Doha, Riyadh enter bidding war over 2030 Asian Games


KUWAIT (Reuters) – Bitter neighbours Qatar and Saudi Arabia will battle for the hosting rights for the 2030 Asian Games after the Olympic Council of Asia (OCA) announced receiving bids from Doha and Riyadh on Thursday.

Saudi Arabia, along with the United Arab Emirates, Bahrain and Egypt severed political, trade and transport ties with Qatar in mid-2017, accusing Doha of supporting terrorism and cozying up to regional foe Iran.

Doha denies the charges and says the embargo by its fellow Gulf Arabs aims to undermine its sovereignty.

Qatari capital Doha hosted the 2006 Games but Saudi Arabia has never organised an OCA multi-sport event.

“The OCA is delighted to receive two strong bids for our Asian Games in 2030,” the governing body’s president, Sheikh Ahmad Al-Fahad Al-Sabah, said in a statement.

“It shows the trust and confidence in the Olympic Movement in Asia and further enhances our reputation of hosting world-class sporting events on a major scale.”

OCA had invited bids for the 2030 Games from its 45 members by Wednesday.

The host city will be decided at the OCA General Assembly meeting in November this year.
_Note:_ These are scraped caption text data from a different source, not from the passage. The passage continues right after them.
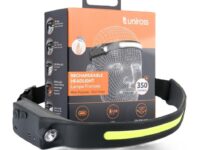 Uniross ULSH07 Headlamp 350LM USB-C Rechargeable, Wide Angle & Motion Sensor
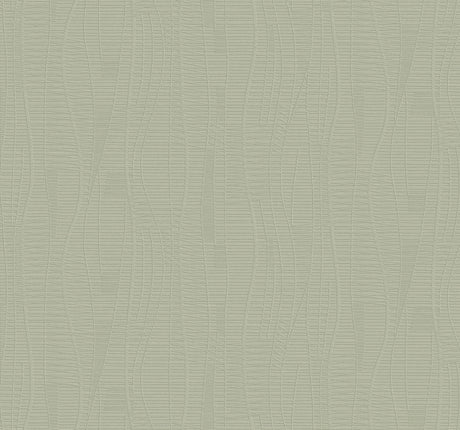 Amir Light Green Embossed Wallpaper texture and room detail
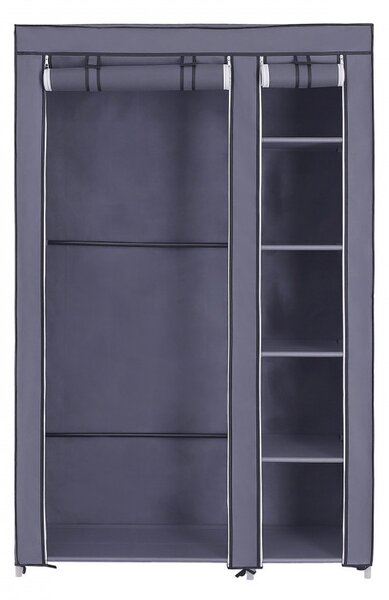 Szövet ruhásszekrény / mobil gardrób - 110 x 175 cm
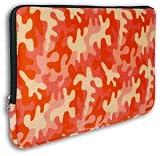Camouflage Pink / Beige Faux-fur Textured fit 13 - 14 inch Notebook Laptop Sleeve Carrying Case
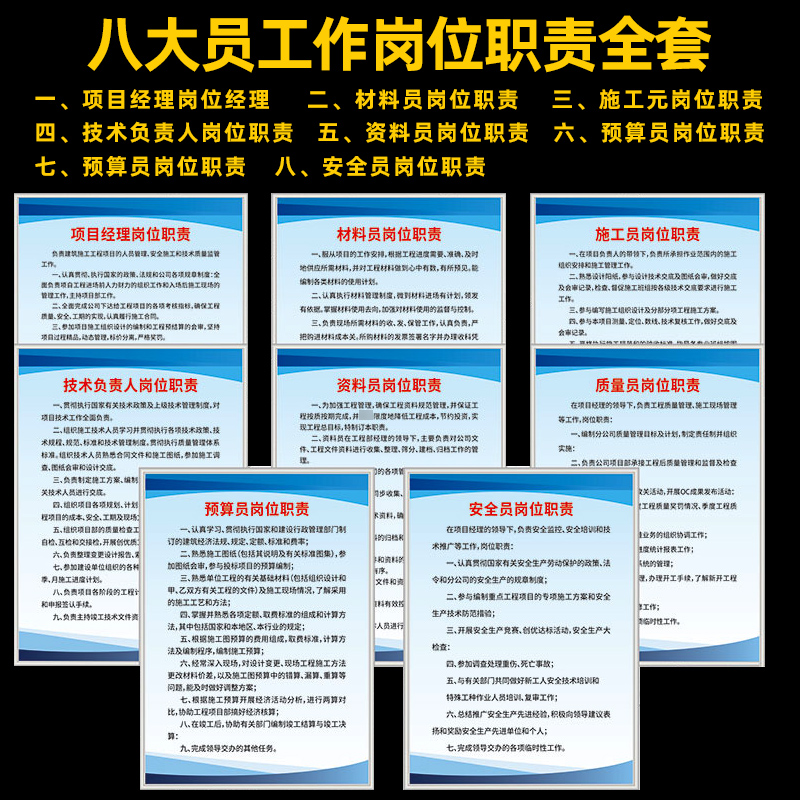 建筑工地五牌一图安全文明施工牌警示牌五图一牌现场标识牌铭牌警示标牌项目部岗位职责制度牌标语六图消防 - 图1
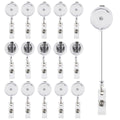 OTYMIOW 30PCS Badge Reels Retractable with Alligator Clip, Retractable Badge Holders Clear Badge Reel Bulk ID Card Holder Name Badge Reel Clips Badge Holder Reels for Nurse, Teachers,Office Workers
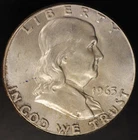 1963 FRANKLIN HALF DOLLAR FRESH FROM AN ORIGINAL COLLECTION-LOT AA-5549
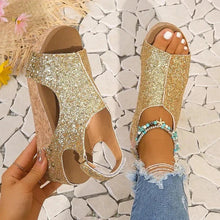 Load image into Gallery viewer, Women's Leather Platform Wedge Orthopedic Sandals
“With these two bids for the 2030 Asian Games we now have stability and continuity in our sports movement for the next decade,” Sheikh Ahmad said.

“It puts us in an envious position in terms of our sports calendar and highlights again that Asia is a major partner in the global Olympic movement.”

Chinese city Hangzhou hosts the next Games in 2022, with the 2026 edition scheduled to take place in Aichi-Nagoya, Japan.